I am the parent of an 8 year old student from a Pine Grove stem school. A beautiful, smart, caring young girl who has become a victim of bullying. Experiencing different problems since Kindergarten. This past year has been extremely difficult for her. We have had meetings with the teachers, been told our daughter is “the most picked on child in class”, watched her confidence slowly falling with her grades and her friends, to the point she no longer wants to go to the school she is attending.
The last incident with her being called “fat” by a group of kids, had the teacher calling us, and finally we felt like something had to be said. When I approached the principal that morning to address my concerns, I was told she was told not to deal with me, and obviously my concerns for my daughter were not being taken care of, or even addressed. The principal even asked, "If she was having so many problems, why was she still there?"

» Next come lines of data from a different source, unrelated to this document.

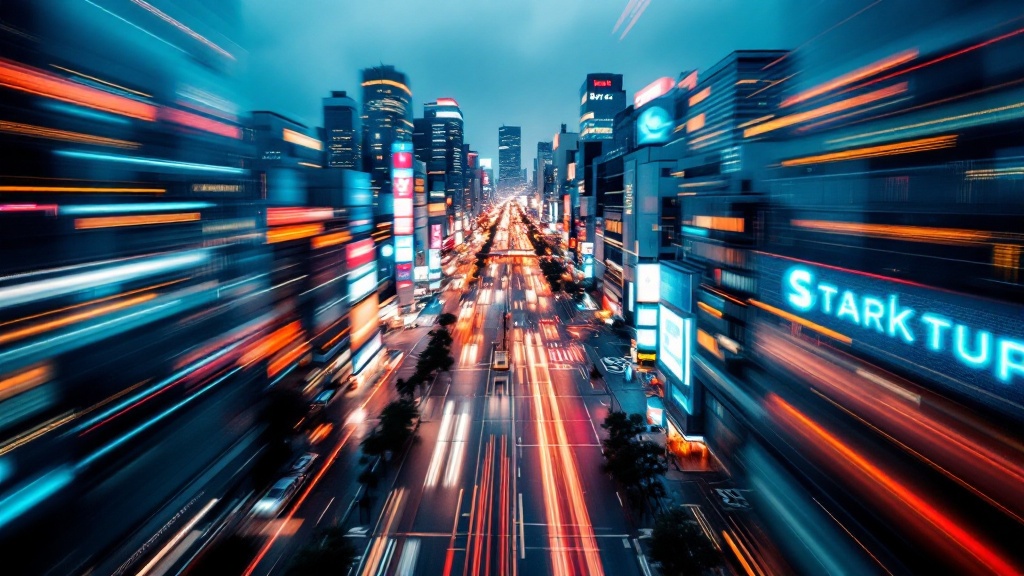 Aerial twilight view of Tokyo's Shibuya tech district with illuminated office towers and blurred neon reflections on wet streets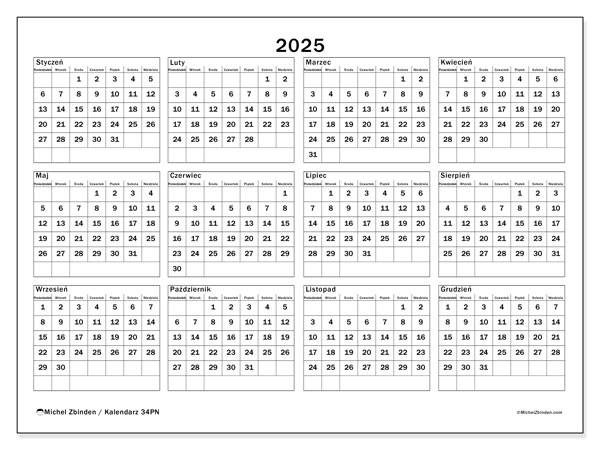 Kalendarz kwiecień 2025 “34”. Darmowy plan do druku.. Od poniedziałku do niedzieli
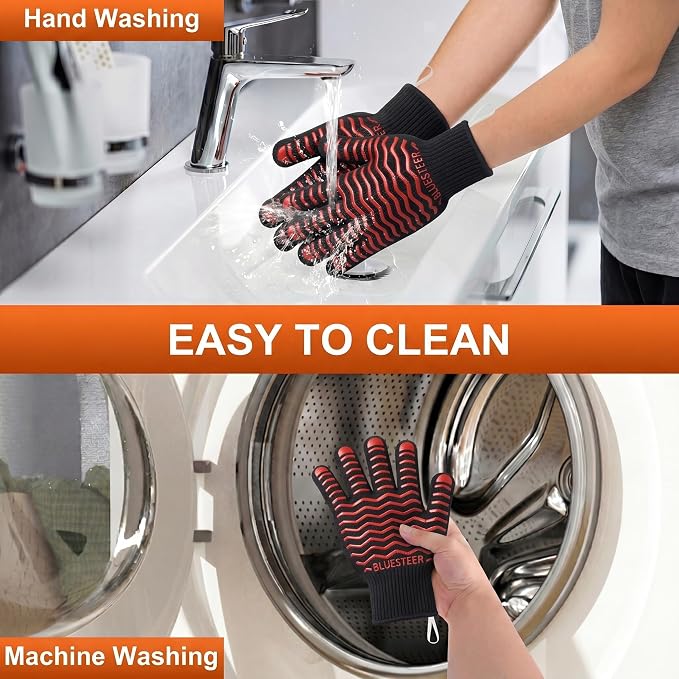 BBQ Gloves 1472°F Heat Resistant Oven Gloves with Fingers Heat Proof Grill Gloves Non-Slip Silicone Oven Mitts for Kitchen Cooking Grilling Baking Smoking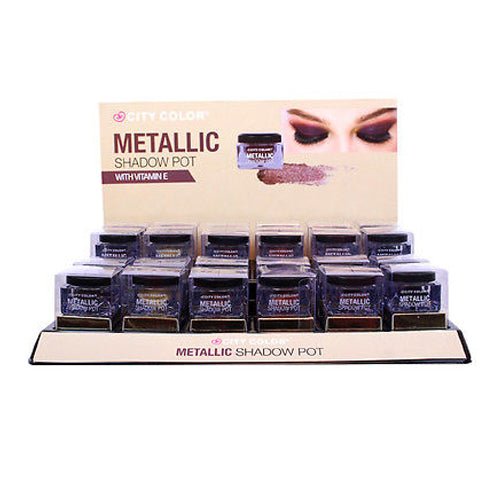 CITY COLOR Metallic Shadow Pot Display Set – 24 Pieces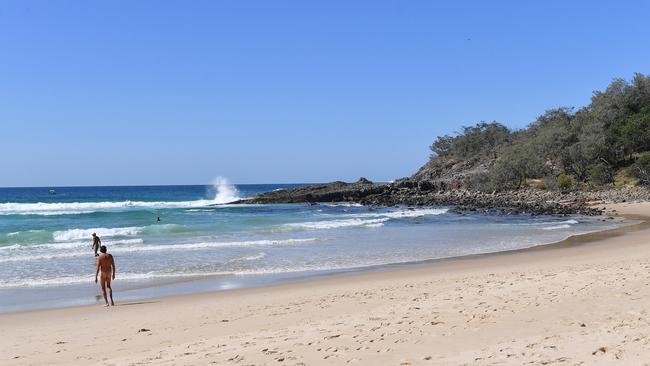 Alexandria Bay in Noosa Heads has been an unofficial and illegal nude beach for decades. Picture: Patrick Woods.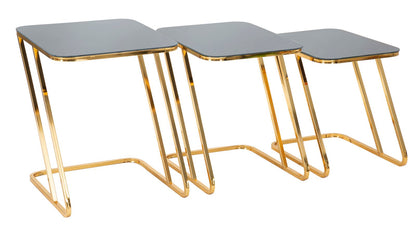 Set di 3 Tavolini Eleganti in Vetro e Metallo dorato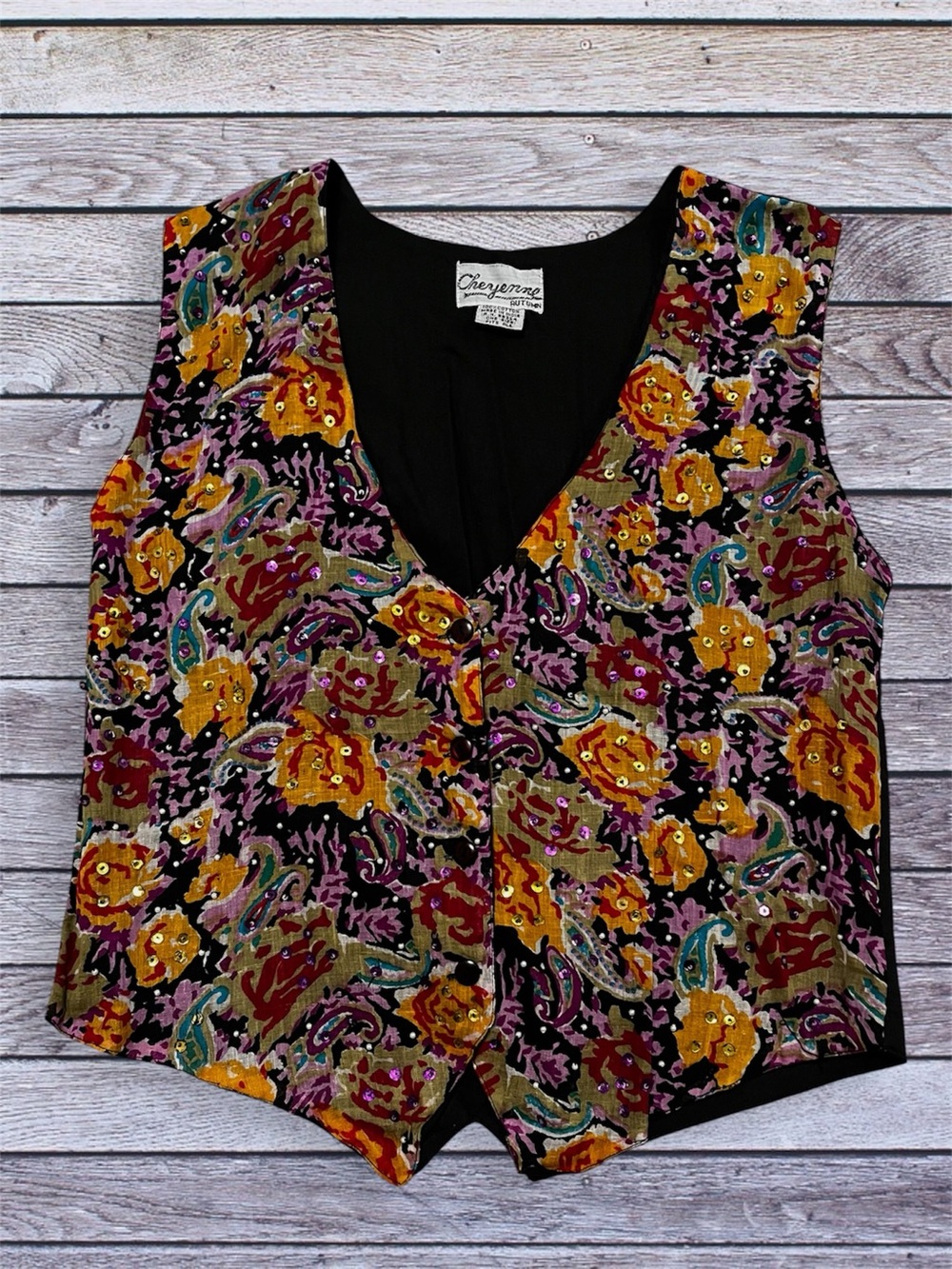 Vintage Cheyenne Autumn Multicolor Floral Sequined Vest One Size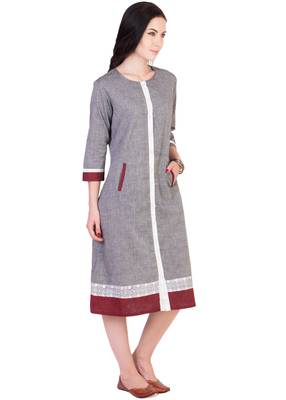 Women's Designer Grey Mangalgiri Dress With Contrast Pocket And Printed Border 3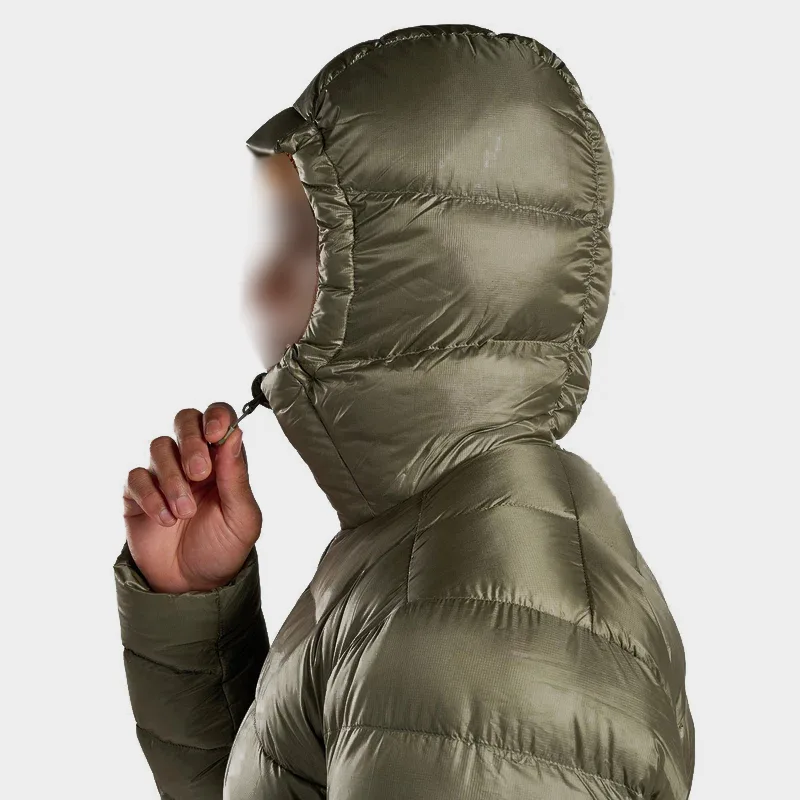 Men’s Cotton-Filled Puffer Jacket — Olive, Red & Navy — Olive Green, hood worn, side view
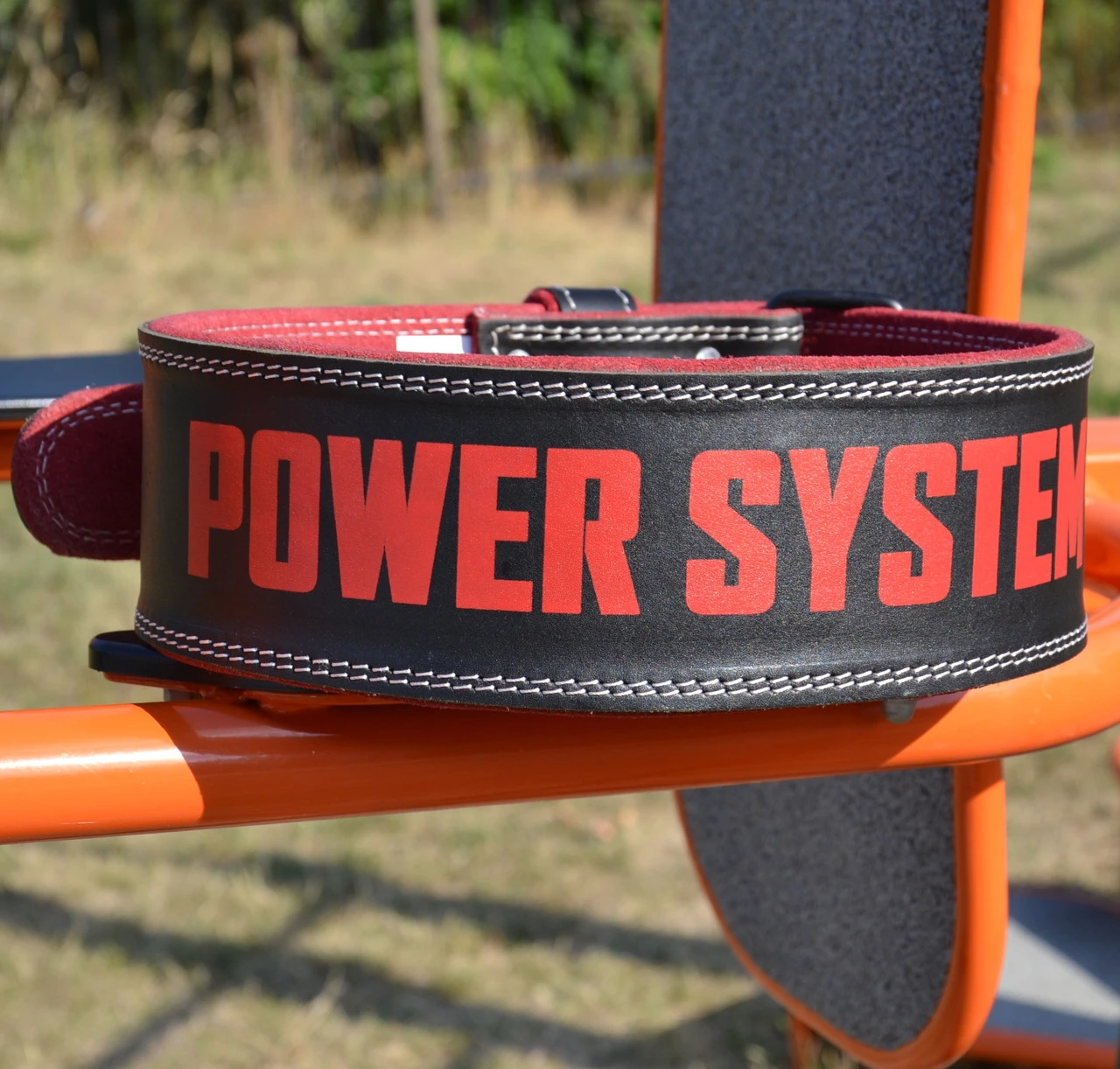 Пояс для важкої атлетики Power System PS-3830 Beast шкіряний Black/Red — фото 5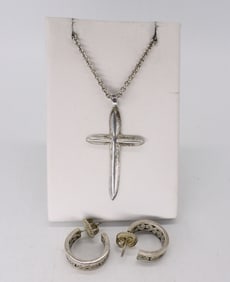 STERLING CROSS PENDANT & EARRINGS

My heart sank. I felt no hope, as the principal offered to sign the transfer papers to Jackson Elementary. I am a single mother, and have no choice but to have her finish off the school year there. She will attend Jackson this Fall. I am hoping to see more support from school, with more resources for my daughter to deal with the aggressors...build her confidence and succeed in school without feeling pushed out. If you ask my daughter, that's exactly how she feels...with no support from her school, and the responsibility left on her to try and counteract the issues she is dealing with every day, without anyone stopping it.
As a mother of a young daughter, it concerns me to see this exclusion start at such a young age. I expect more from our school system to make sure our children feel mentally and physically safe and secure while our children are in their care, and I hope to see a change...the schools modelling the kindness expected of the students, and the students needs as a priority. Not the convenience of exclusion, which has pushed her away from her school.
"Sticks and stones may break my bones, but words will never hurt me." Words do hurt, and it all starts somewhere. Teach your children kindness, inclusion, tolerance and to support each other.